## Problem requirements
Reproduce exactly, and only, the lines of the material below running from the line bearing "TESIN 8 Stück" through the line bearing "Women's V-Neck Batwing". Leave any pictures out.

▼

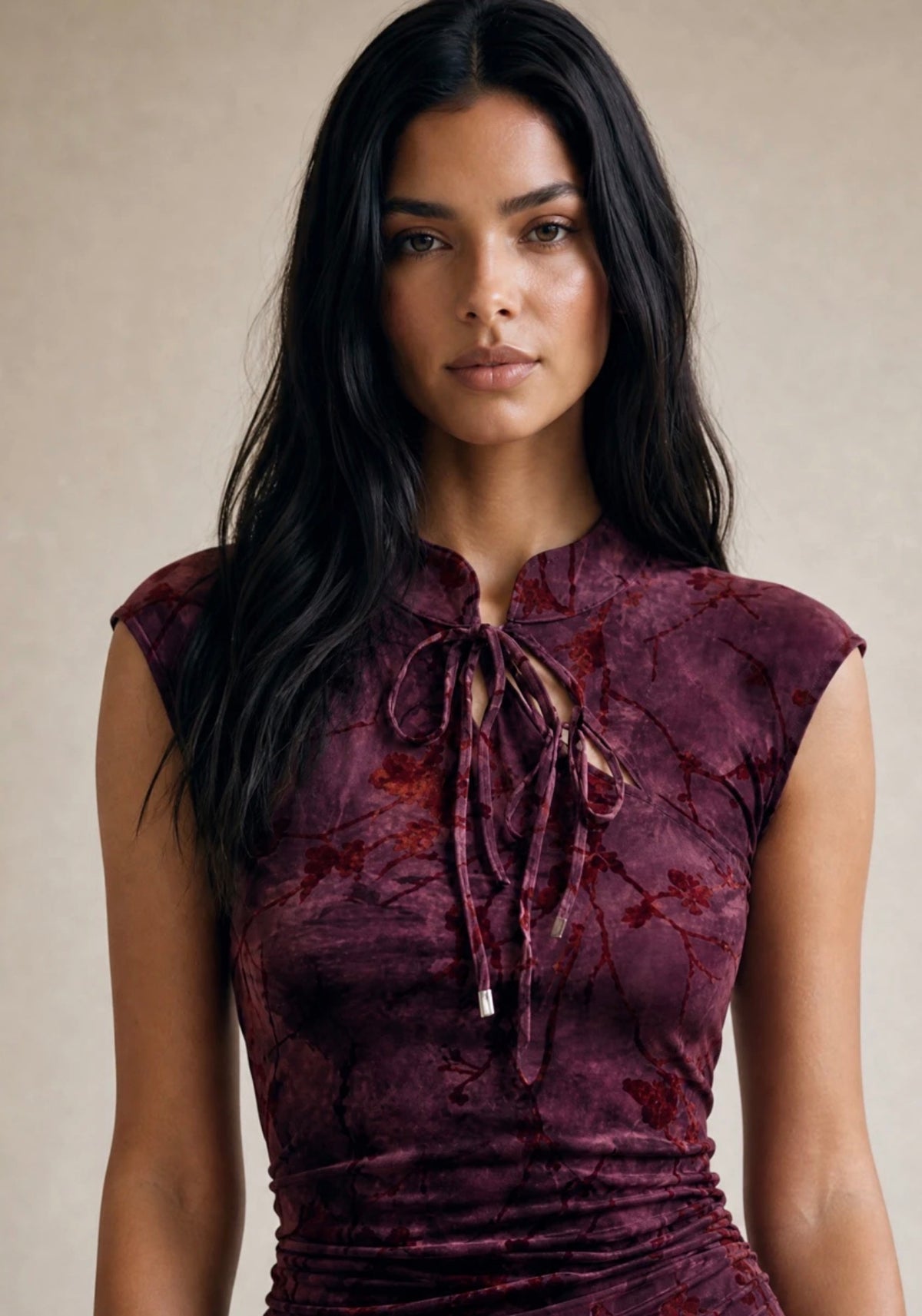 Burgundy Floral Textured Lace Up Mini Dress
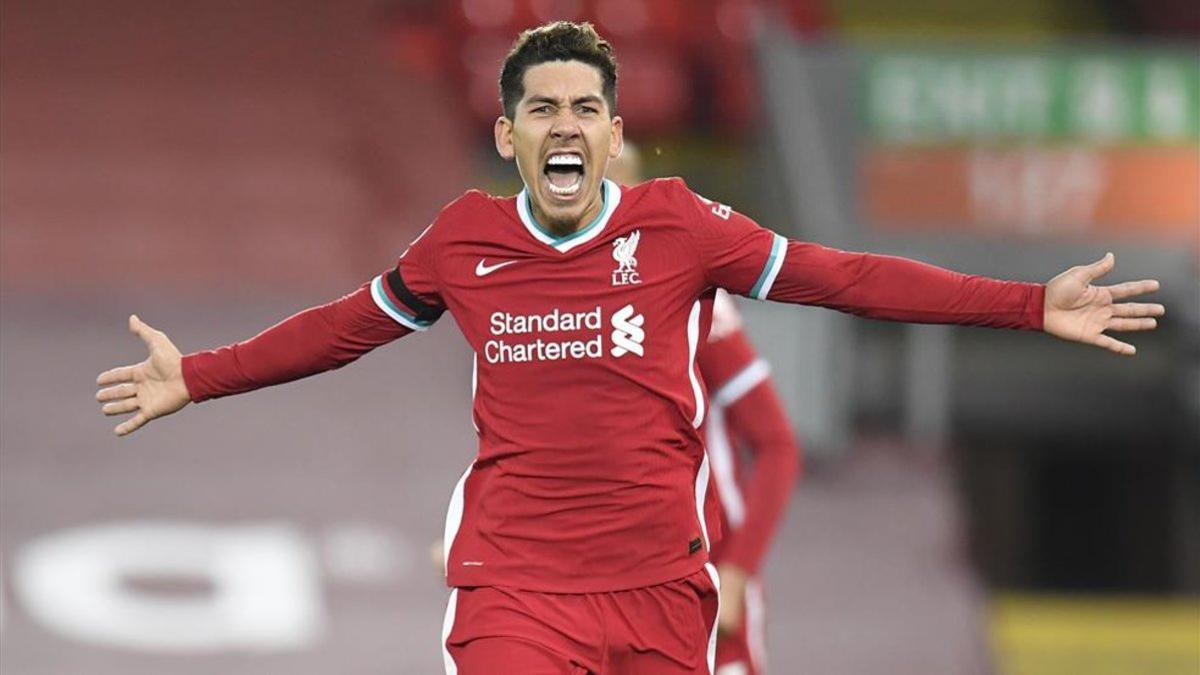 Firmino celebra con una sonrisa de oreja a oreja el gol del triunfo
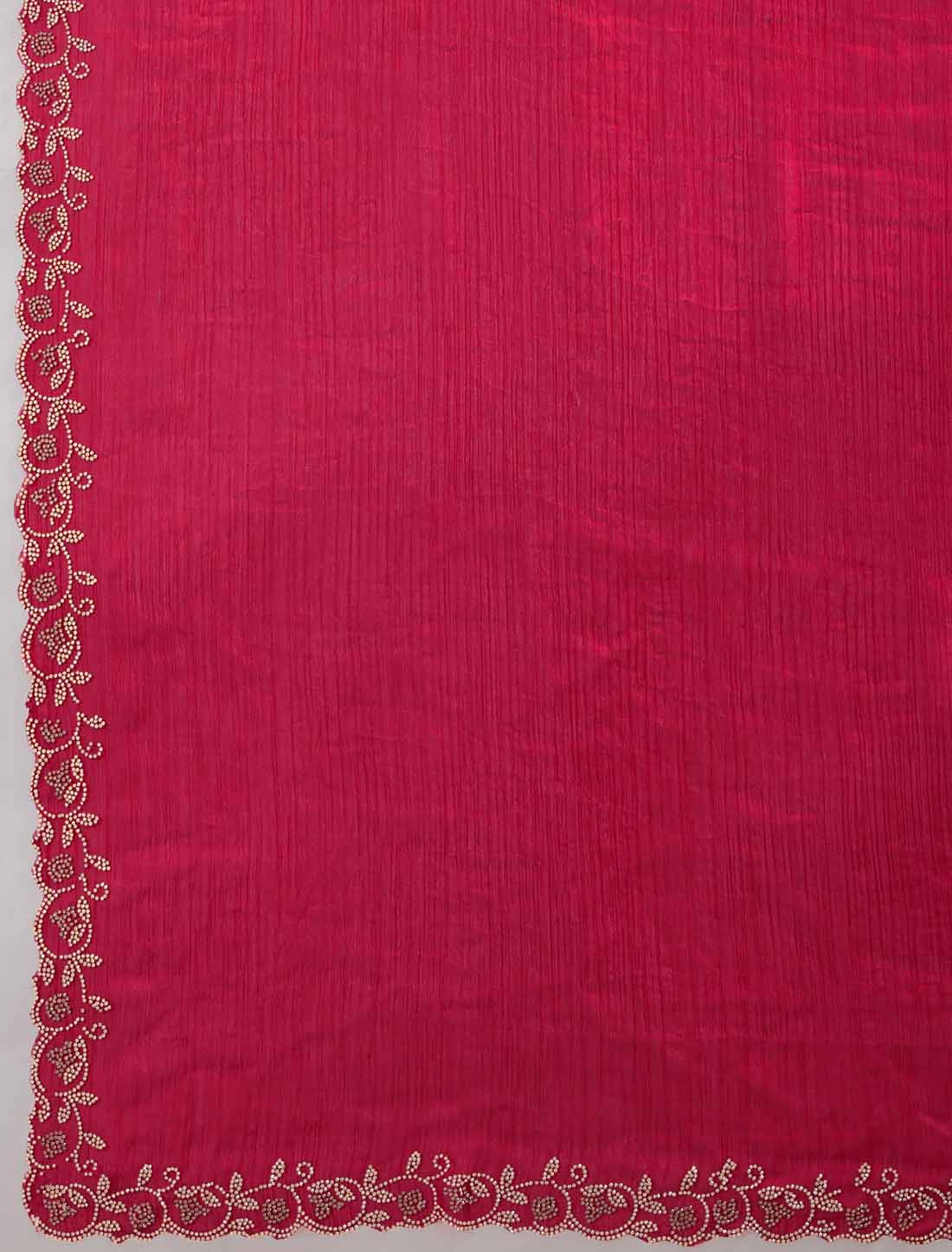 Velvet Chiffon Dual Tone Zaekan Triple Layer Cutwork In C-Pallu Ethnic Saree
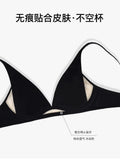 French Triangle Bra Rabbit Ear Cup, Deep V Wireless Bralette for Small Bust, No Gap Sexy Lingerie Set, Breathable Summer Thin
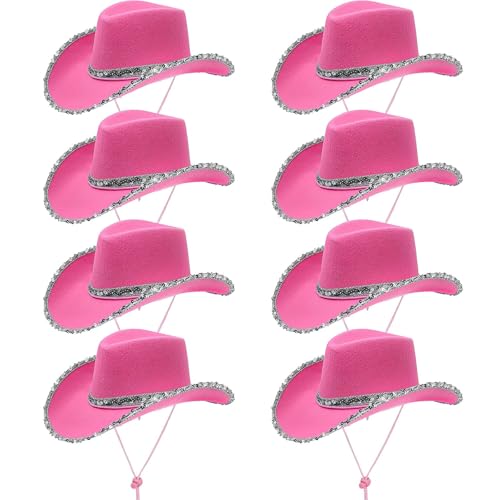 TESIN 8 Stück Pinke Cowboyhüte mit Pailletten – Glitzer Westernhut Damen für Karneval, Junggesellinnenabschied, Mottoparty, Geburtstag & Fancy Dress Kostüm von TESIN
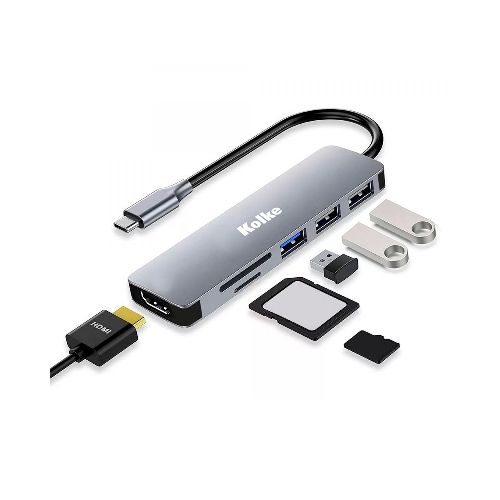 HUB USB C KOLKE 6 en 1 con Puertos HDMI, USB 3.0, SD y Micro SD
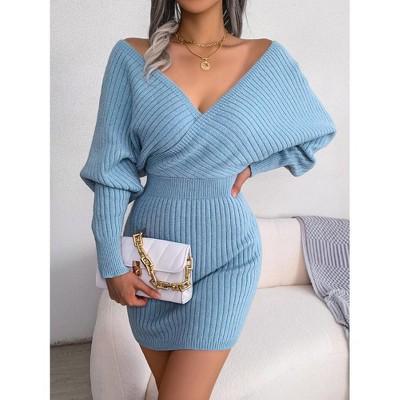 Women's V-Neck Batwing Sweater Dress Wrap Bodycon Knit Dress Long Sleeve Mini Dress
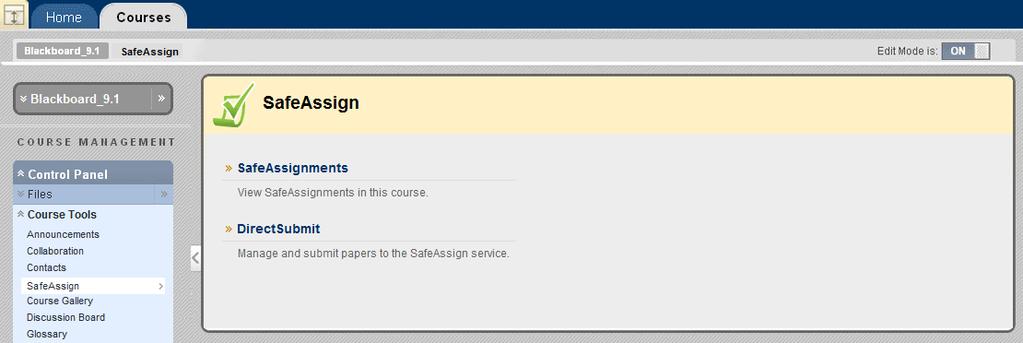 . How do I use the SafeAssign Direct Submit function in my course site? - Logon to Blackboard. - Go to the course site to which you will submit a paper for plagiarism detection.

▲

## Solution
 TESIN 8 Stück Pinke Cowboyhüte mit Pailletten – Glitzer Westernhut Damen für Karneval, Junggesellinnenabschied, Mottoparty, Geburtstag & Fancy Dress Kostüm von TESIN
 HUB USB C KOLKE 6 en 1 con Puertos HDMI, USB 3.0, SD y Micro SD
 Women's V-Neck Batwing Sweater Dress Wrap Bodycon Knit Dress Long Sleeve Mini Dress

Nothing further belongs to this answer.